Saturday, June 26, 2010

People's Revolutionary

Sylvia Rivera was a proud, passionate, dedicated and strong political activist. She has inspired thousands if not more to take up the banners of individual freedom, of people's revolution, of gay/trans rights. She was the torchbearer of the Stonewall Riots, and to me the very personification of the late 1960s in America.

Political activists and her friends seem to have declared many interpretations of the sources of her strength and her prominence in our histories. I wish I knew exactly what to say that would unite us once again, as she did, around the issues she cared about. What I can do is to iterate, or re-iterate, that her so-called weaknesses, drug addiction, homelessness, prostitution, etc. were not signs of moral turpitude from which she had to be redeemed but were what fed her revolutionism. Perhaps when one has been living on the street from age of ten in a destructive, hostile and dangerous world, there is great motivation to try to change one's environment. I believe that her gift in doing so was due in part to great intelligence, to great perceptiveness, to great compassion, to a deep understanding of the way the world works politically and socially, but perhaps also due to the greatest possible ingrained in her very being love for her sisters and the knowledge that peace and justice are not abstract distant goals but matters for action in the here and now. She said to me once that she was the heart of the world, and knowing her, I believe that is true.
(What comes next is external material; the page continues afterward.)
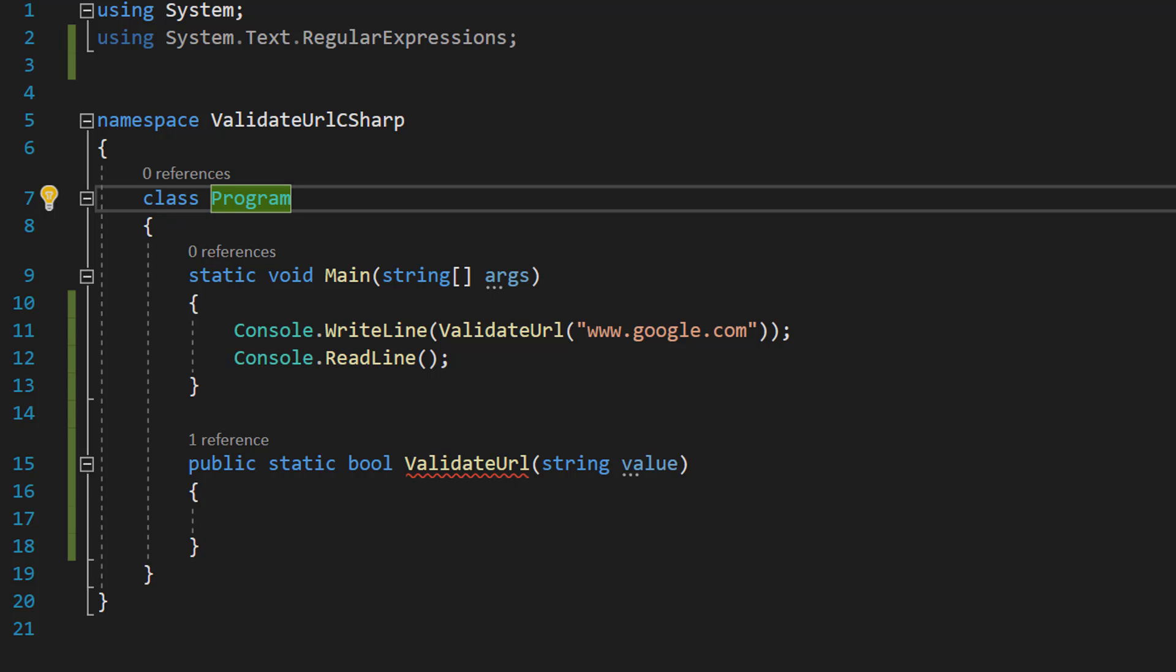Greetings, it's Maxo Diddly and today I am going to be showing you how to validate a URL using C Sharp. So let's get right into it.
This is all a longwinded way to assert that Sylvia was free, not a tool for anybody, and that her freedom came from herself. To try to capture her as a representative for one kind of activism over another or to try to characterize her as simply one more heroine of the movement for change is a mistake. She was dedicated, she was powerful, and she sought unity and liberation for her sisters and all who had suffered from social injustice, but she was able to be that for us because she wanted to. That to me is her individuality, her liberation, and an ethic to rejoice in. Do because you wish to, not because you feel political obligation or "sympathy." Be there for who you are, and then you will find those with whom you stand.

I know that she was and is a figure for us to rally around, but let us not forget why, how, or ourselves in these struggles that matter so much.